-- REQUIREMENT --
Go through the material under this sentence. Return every line holding "Used".
┄┄┄┄┄┄┄┄┄┄
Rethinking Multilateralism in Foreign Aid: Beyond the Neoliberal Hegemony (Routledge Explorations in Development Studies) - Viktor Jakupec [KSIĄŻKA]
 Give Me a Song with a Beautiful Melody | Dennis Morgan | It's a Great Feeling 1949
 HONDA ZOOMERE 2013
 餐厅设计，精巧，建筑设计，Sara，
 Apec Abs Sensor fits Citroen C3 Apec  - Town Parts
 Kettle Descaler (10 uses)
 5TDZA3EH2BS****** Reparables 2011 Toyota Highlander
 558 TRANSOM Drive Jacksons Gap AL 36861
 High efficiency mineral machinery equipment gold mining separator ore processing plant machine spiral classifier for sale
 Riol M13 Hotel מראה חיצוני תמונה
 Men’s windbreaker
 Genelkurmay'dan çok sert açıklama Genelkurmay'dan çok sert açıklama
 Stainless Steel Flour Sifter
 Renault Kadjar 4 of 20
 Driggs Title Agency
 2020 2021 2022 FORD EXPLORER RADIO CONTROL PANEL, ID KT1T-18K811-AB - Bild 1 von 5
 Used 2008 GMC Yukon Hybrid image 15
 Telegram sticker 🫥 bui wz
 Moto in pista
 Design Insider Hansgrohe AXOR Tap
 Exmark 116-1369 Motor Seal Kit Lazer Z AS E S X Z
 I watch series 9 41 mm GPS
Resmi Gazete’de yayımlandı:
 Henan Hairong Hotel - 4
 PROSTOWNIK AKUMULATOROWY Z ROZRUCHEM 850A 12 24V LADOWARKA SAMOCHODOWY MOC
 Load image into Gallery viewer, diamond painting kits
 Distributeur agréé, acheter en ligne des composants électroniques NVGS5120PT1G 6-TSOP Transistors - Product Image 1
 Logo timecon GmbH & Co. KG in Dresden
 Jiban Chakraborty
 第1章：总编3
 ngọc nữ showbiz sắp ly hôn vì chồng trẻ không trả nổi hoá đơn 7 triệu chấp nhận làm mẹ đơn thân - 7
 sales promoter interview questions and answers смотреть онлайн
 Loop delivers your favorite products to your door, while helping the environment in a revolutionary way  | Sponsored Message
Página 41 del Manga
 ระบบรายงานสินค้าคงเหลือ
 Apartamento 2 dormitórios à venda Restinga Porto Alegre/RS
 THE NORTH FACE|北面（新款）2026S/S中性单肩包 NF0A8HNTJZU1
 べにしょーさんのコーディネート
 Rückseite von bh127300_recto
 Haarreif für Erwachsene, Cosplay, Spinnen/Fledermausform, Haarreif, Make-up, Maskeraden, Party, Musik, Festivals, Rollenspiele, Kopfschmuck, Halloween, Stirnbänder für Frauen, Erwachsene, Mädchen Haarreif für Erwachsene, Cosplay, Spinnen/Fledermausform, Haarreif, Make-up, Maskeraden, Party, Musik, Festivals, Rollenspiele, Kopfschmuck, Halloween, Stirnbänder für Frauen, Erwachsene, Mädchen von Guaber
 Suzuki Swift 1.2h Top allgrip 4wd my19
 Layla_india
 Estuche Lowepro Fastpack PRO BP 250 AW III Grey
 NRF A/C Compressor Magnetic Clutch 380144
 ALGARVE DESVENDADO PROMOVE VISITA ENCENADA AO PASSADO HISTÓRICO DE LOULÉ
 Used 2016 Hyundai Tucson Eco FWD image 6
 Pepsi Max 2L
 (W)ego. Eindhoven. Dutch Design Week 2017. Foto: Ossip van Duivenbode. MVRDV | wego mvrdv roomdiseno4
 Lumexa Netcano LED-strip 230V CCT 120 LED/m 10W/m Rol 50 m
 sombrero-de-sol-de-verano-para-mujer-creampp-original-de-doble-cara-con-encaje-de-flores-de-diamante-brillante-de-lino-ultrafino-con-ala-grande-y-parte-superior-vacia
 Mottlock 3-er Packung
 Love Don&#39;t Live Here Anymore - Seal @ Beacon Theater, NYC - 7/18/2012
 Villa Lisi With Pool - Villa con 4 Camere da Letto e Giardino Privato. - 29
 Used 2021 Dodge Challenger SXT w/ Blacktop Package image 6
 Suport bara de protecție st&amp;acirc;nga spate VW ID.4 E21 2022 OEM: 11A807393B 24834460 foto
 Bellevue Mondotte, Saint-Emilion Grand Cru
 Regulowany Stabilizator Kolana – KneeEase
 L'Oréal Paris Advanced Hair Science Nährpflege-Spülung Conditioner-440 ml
┄┄┄┄┄┄┄┄┄┄
-- OUTPUT --
 Used 2008 GMC Yukon Hybrid image 15
 Used 2016 Hyundai Tucson Eco FWD image 6
 Used 2021 Dodge Challenger SXT w/ Blacktop Package image 6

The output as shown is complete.